Le 14 juin 2012, Benoit XVI valide un deuxième miracle attribué à Laura Montoya.
La voie est ouverte pour la canonisation et la Très catholique Laura deviendra la première Sainte Colombienne le 12 mai 2013 !
Les stands à l’effigie de Laura se multiplient et les ventes de souvenirs aussi.
À gauche du balcon de notre chambre, un super poster de Laura nous fait chaque matin un clin d’œil.
Lors d’un petit déjeuner sur la place, assis à une table voisine, l’excellent Umberto Uribe portant à merveille ses 89 ans a décidé de ne pas nous lâcher la grappe.
Au fil de la conversation, l’ancêtre, tout en restant discret sur sa vie, place habilement sa parenté avec Uribe, l’ancien Président Colombien.
Il nous dit être son cousin proche.
Comme il y a pas mal de patronymes « Uribe » dans le secteur nous n’accordons pas un crédit immédiat à Umberto, mais le bougre tend son bras, dévoilant un tatouage de Laura en disant qu’avec un tel portrait imprimé dans sa chair, il ne pourrait ni mentir ni offenser Dieu !

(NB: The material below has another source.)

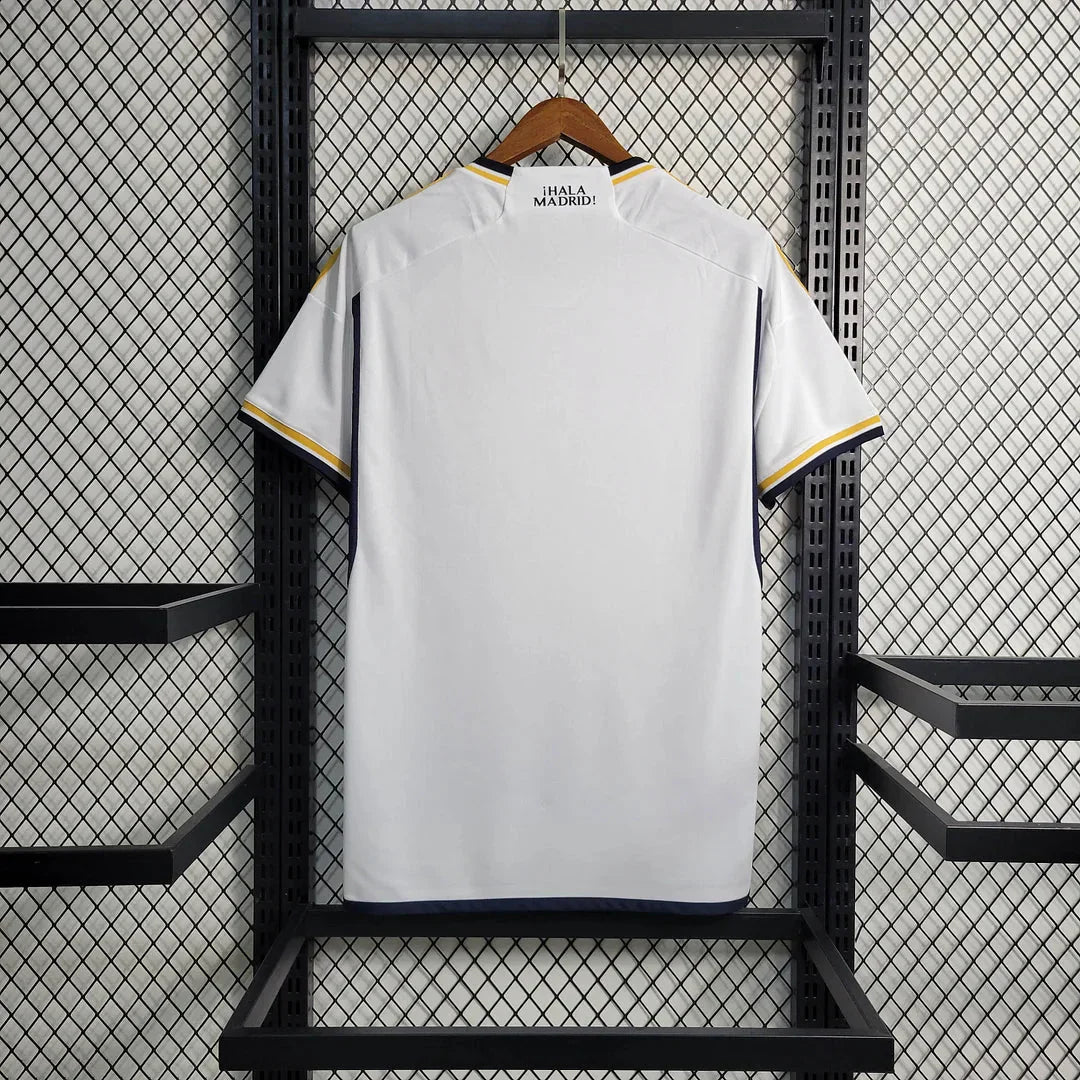 Real Madrid 2023 Home Shirt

Bravo Umberto, t’as gagné ! On te croit !
Le bourg de Jerico vit un peu au ralenti, tout comme le bus qui assure le trajet entre ces pueblitos de montagne :
De Jardin à Jerico, il faut faire le changement à Andes et grimper à l’échelle d’un chivas, bus sans fenêtre, banquettes en bois, design aux couleurs de la Colombie et promenade dans la montagne à 20 km/h dans un fabuleux décor qui fait oublier les trous et les bosses du chemin.
Ces superbes villages sont l’âme de l’Antioquia des Andes, un terroir fait pour les vaches, la banane…et le café !

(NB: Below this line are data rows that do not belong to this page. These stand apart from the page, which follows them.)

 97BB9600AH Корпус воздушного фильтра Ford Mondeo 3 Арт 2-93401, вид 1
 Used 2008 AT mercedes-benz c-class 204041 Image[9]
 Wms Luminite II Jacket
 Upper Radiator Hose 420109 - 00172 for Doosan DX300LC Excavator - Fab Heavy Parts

Une région d’altitude difficile d’accès, une campagne merveilleusement belle et une population d’une richesse humaine rare qui à force de courage et de persévérance, a réussi à maîtriser une nature hostile.
Ajoutez quelques ballades dans les collines, prenez le temps d’un bon café, respirez le façonnage du cuir et l’odeur des chevaux, faites un tour à la messe si vous le souhaitez, et vous aurez compris l’engouement des citadins de la grande ville de Medellin pour leurs escapades de fin de semaine dans l’ « Eje cafetero » !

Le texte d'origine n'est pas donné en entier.